The affair between Campion and Joyce gave rise to a whole myriad of problems involving entitlements, proper process, use of taxpayer funds and special favours for his girlfriend.
An affair that led to chaos in his office, saw the resignation of his chief of staff and led to potential misuse of entitlements as his girlfriend was shuffled from office to office.
Affairs in politics are nothing new, as Turnbull said on Thursday.
“I know there are all sorts of stories about former ministers and former leaders and colourful tales that find their way into books,” he said.
This hearkens back to stories of the mistresses of Ben Chifley, Robert Menzies, Harold Holt, Bob Hawke and more.

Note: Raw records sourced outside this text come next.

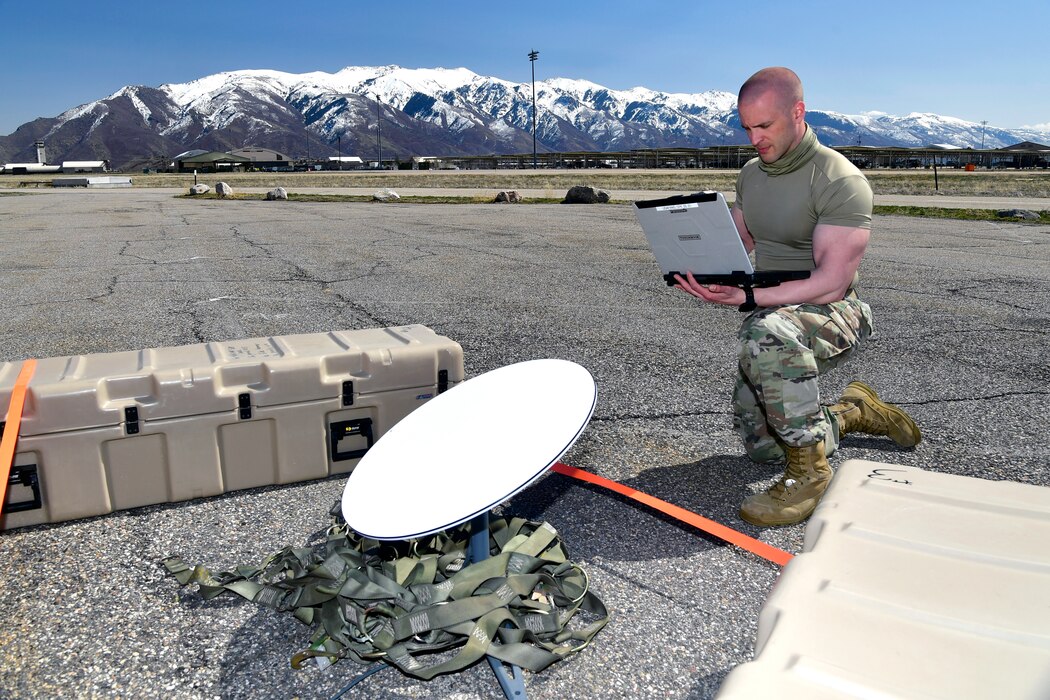 Master Sgt. Caleb Frisbie, 242nd Combat Communications Squadron, sets up and tests communication equipment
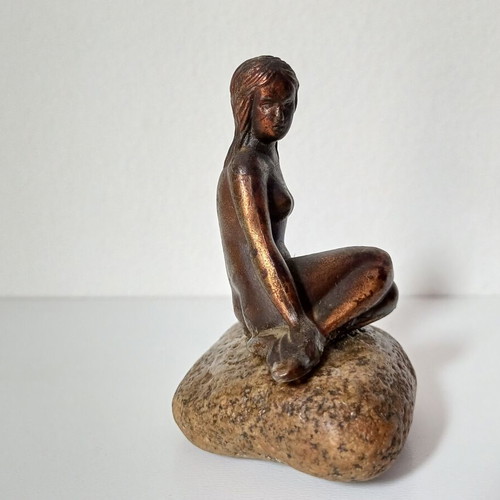 Vintage bronze Little Mermaid statue on natural stone used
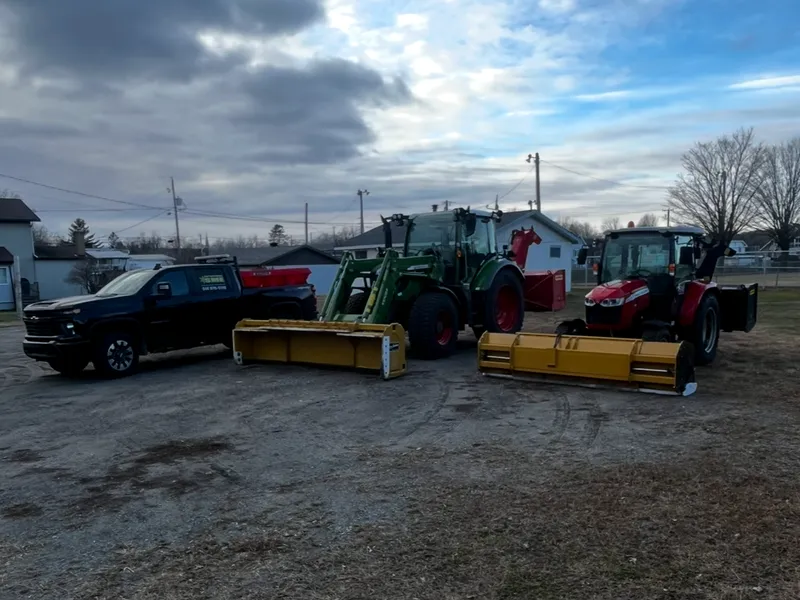 La flotte de déneigement résidentiel de l'Entreprise SME : camionnette, tracteur Fendt et tracteur Massey Ferguson avec leurs lames jaunes, en fin de journée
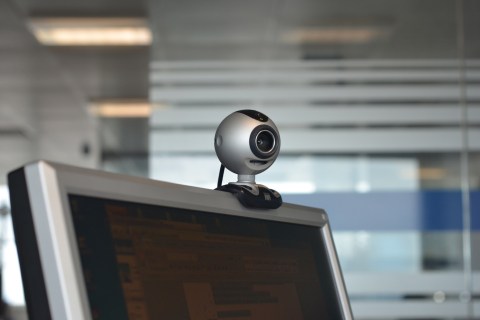 This photo shows a webcam on top of a co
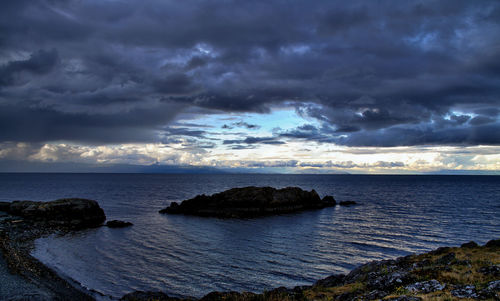 Scenic view of sea against dramatic sky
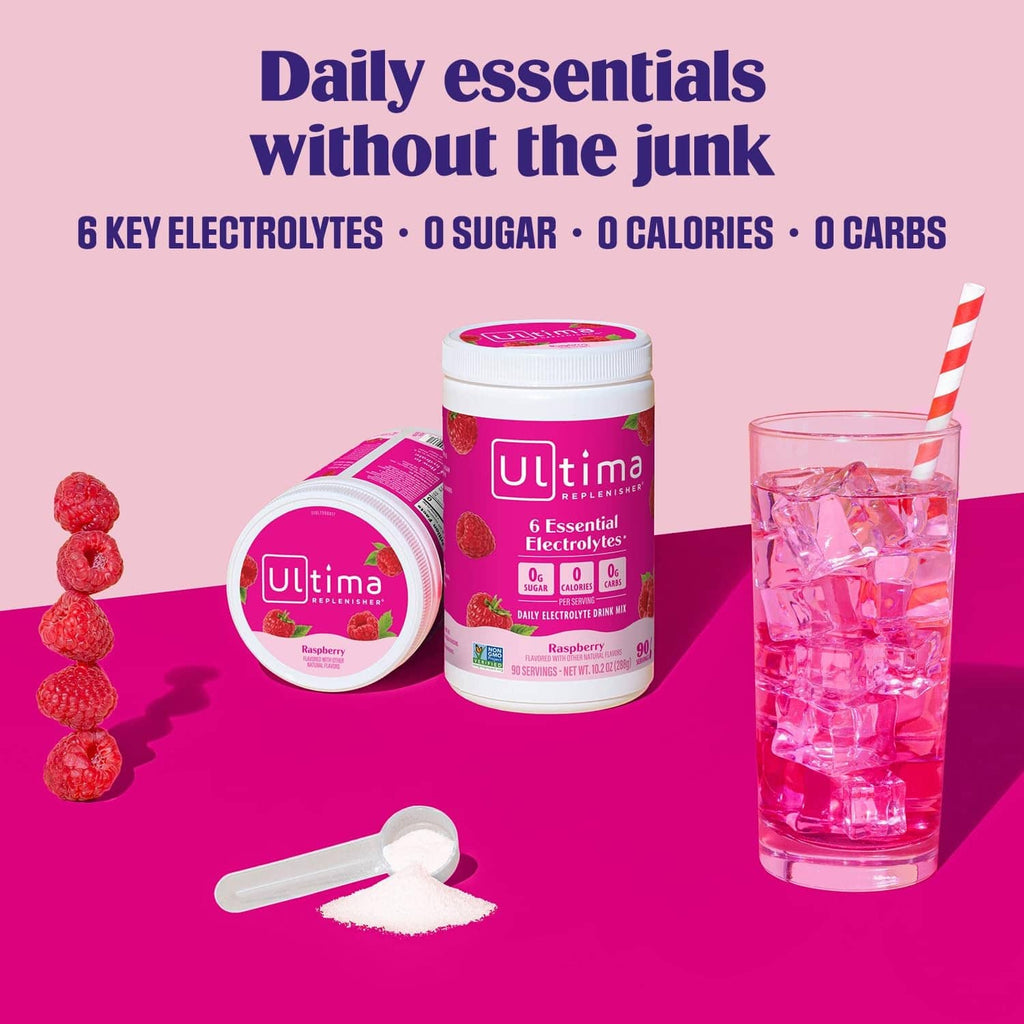 Raspberry electrolyte drink mix tubs with scoop and glass of pink drink.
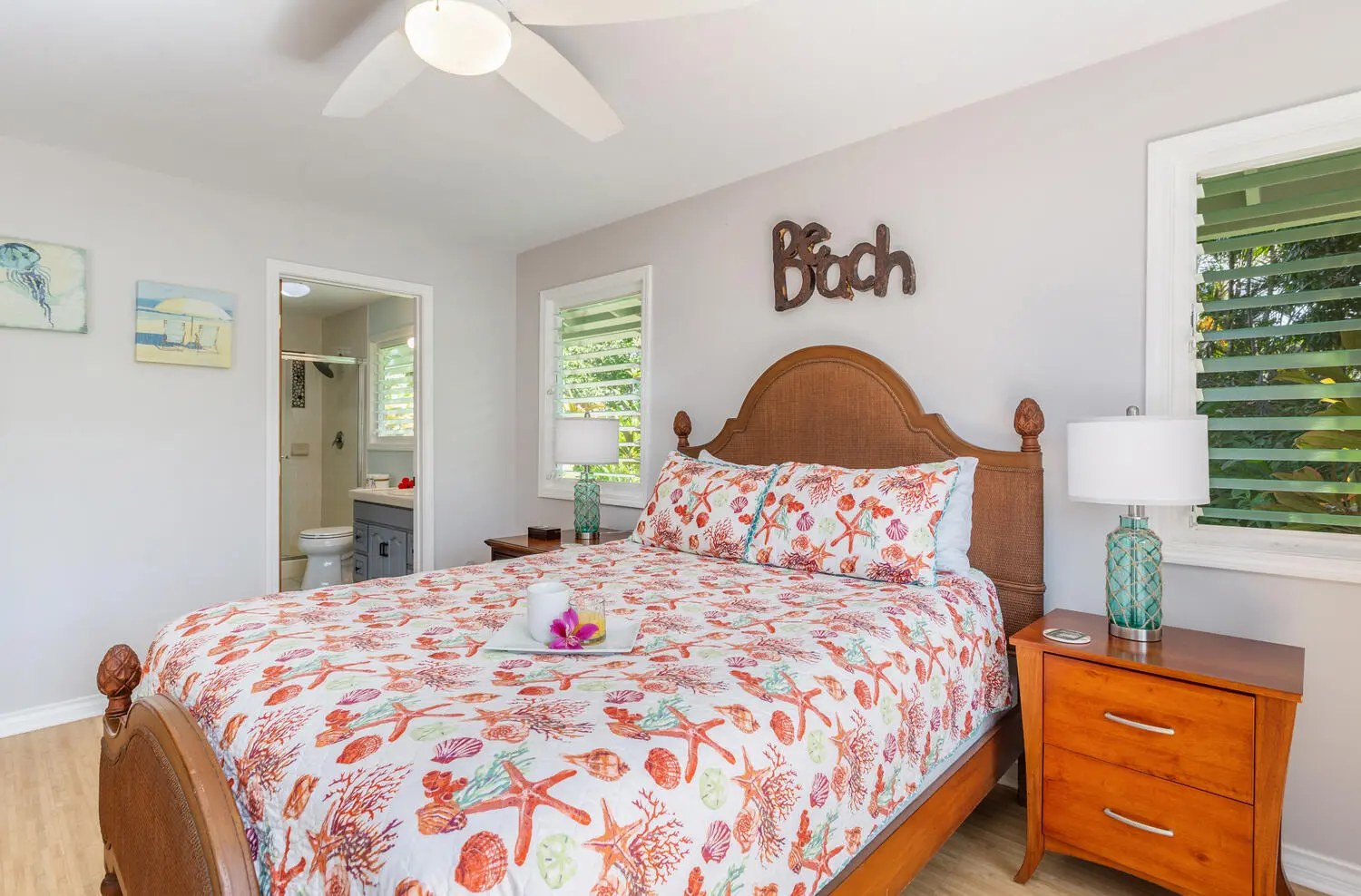 Bahama bedroom. The cane-headboard bed and starfish quilt, turquoise lamps, shuttered windows onto foliage, and an open doorway into the bathroom.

But the culture of what is acceptable in workplaces has changed.
Insurance giant QBE’s chief executive John Neal lost a half a million dollars from his bonus for failing to disclose a liaison with his personal assistant. AFL executives Simon Lethlean and Richard Simkiss lost their jobs after affairs with young female staff members.
And Border Force boss Roman Quaedvlieg has been stood aside pending an investigation into accusations he helped get his girlfriend a job at Sydney Airport.
Turnbull is trying to bring Parliament into line with community expectations and the conduct of most corporate workplaces.
“I am saying that in these workplaces here, the Minister’s offices, Ministers must behave accordingly and they must not — I don’t care if they are married or single — they must not have sexual relations with their staff. That’s it,” he said.
But now, his attempt to set standards in Parliament has been seized on by the Nationals as a point of difference. A reason for a fight. Joyce has been Turnbull’s right-hand man, as leader of the Nationals party, and the pair celebrated together when Joyce won the New England by-election with a sizeable victory.
Now, their very partnership, and the Coalition agreement, is in crisis. All over an attempt to bring Canberra into line with standards expected by the rest of Australia.